The oldest house in Britain has been discovered  near Scarborough. A "For Sale" sign was also uncovered in the ruins - the housing market is pretty glacial in the North East.

As well as being fitted with the latest 8,000BC gadgets; fridge - freezer - the nearby glacier; cold and extremely cold running water and sunken living room, it has the first recorded use of decking in the Britain. Archaeologists are still searching for the remains of an early BC&Q.

There are signs that the owners had made a number of improvements in an attempt to shift the property; but without much success. The Surveyor's report found near by for a prospective purchaser concluded that rising damp was a serious problem on account of a large lake lapping over the front door and the guttering was non existent. The surveyor recommended replacing the animal skin roof with something more permanent. 

It's reassuring to learn that our ancestors were just as obsessed with the housing market as are we. Although I had thought that what with the sub prime mortgage catastrophe, the collapse of much of mortgage market and the near demise of many of our High Street building societies and banks we'd lost our insane love affair with rising house prices.

Not so, the recent news that house prices have fallen for the first time in twelve months has got the chattering classes - chattering. All the usual suspects are rolled out. The estate agent extrolling the virtues of "realistic pricing" to shift property that won't. The economist explaining that there are more sellers than buyers and the uncertain economic outlook is preventing people from moving. There's the banker swearing that despite all the evidence they're lending as much as they can. And finally there's the hopelessly hopeful first time buyer complaining that at current prices they'll never be able to buy.

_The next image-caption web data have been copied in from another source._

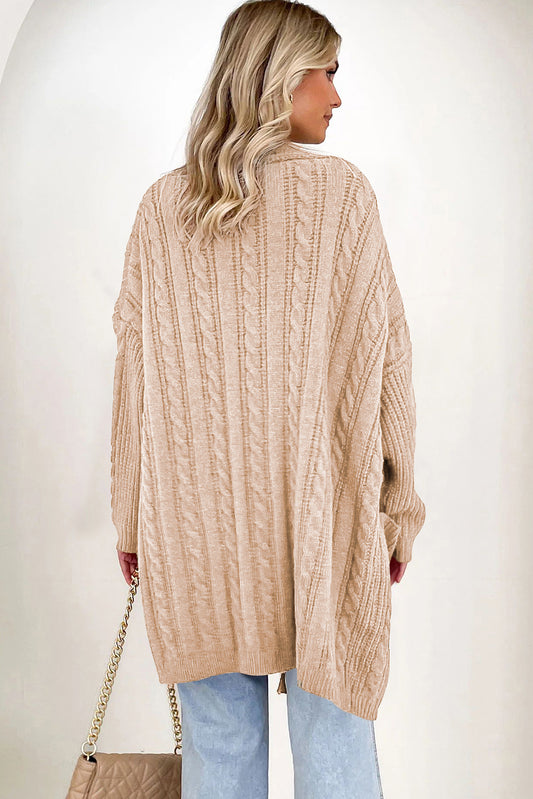 Parchment Oversize Chunky Cable Knit Open Front Midi-length Cardigan Cardigans JT's Designer Fashion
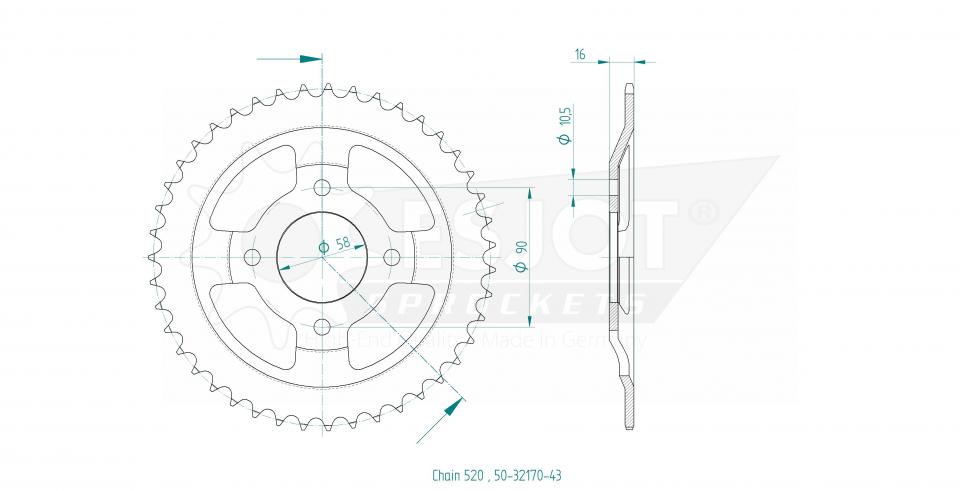Couronne de transmission Esjot pour Moto BRIXTON 250 BX FELSBERG ABS 2017 à 2018 Neuf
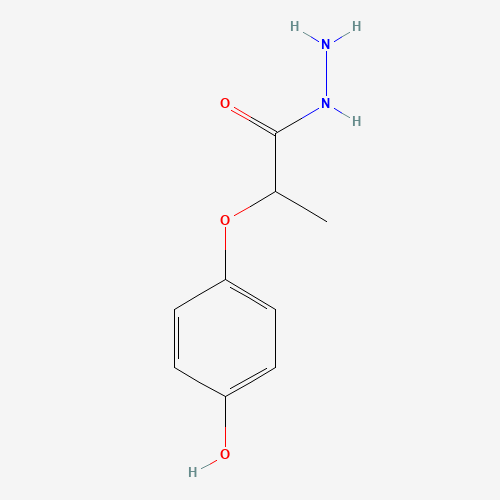 2-(4-Hydroxyphenoxy)propanehydrazide (CAS: 845879-32-5) - Chemical Structure and Molecular Formula 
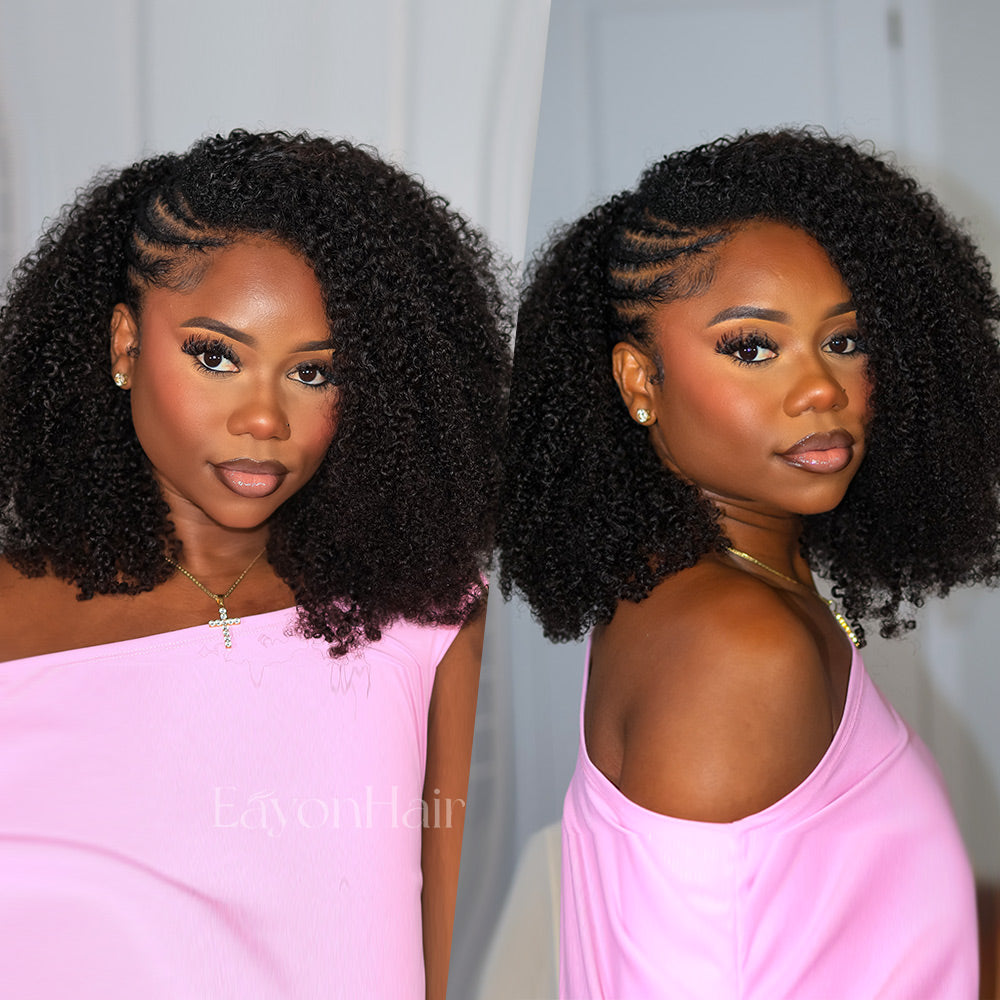 EAYON Lightweight Tight Curly Crochet Human Hair Extensions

I was one of the insane. On  the walk to the station on the way to work I would pass 6 estate agents and I'd look to see what the latest prices were and mentally calculate how much the value of our house had risen in the last week. I even asked an agent to value the house - just for the thrill of hearing how much he thought the house was worth.

And then I realised that the only way to unlock this massive tax free capital gain was to sell the house.  So unless I was expecting my wife and the cats to join me on the streets at night it was rather pointless to obsess about the apparently unstoppable rise in the value of our, two up and two down, Victorian terrace in Inner London. It would be much better to appreciate how bloody lucky we were having a comfortable and extremely pretty home with a front and back garden, nice neighbours and now no mortgage.

Mind you a place in the country, on the shores of a lake, with a sunken living room and decking has its appeal.

Comments

Lynne with an e said…
Conversely, a home is not always a house.
G said…
Yeah! I always think this as well - if house-prices rise across the board (and rent tends to rise commensurately) the only way to profit is to hop off to another area where prices haven't tracked with the ones in your present area.

I agree also that it's absurd for governments, banks, the media and such to pursue ever-increasing house-prices, as if that can go on forever without stiffing anyone or bursting like another great big bubble. I can get my head around the narrow self-interest of people wanting to make money, but everyone else should have more sense.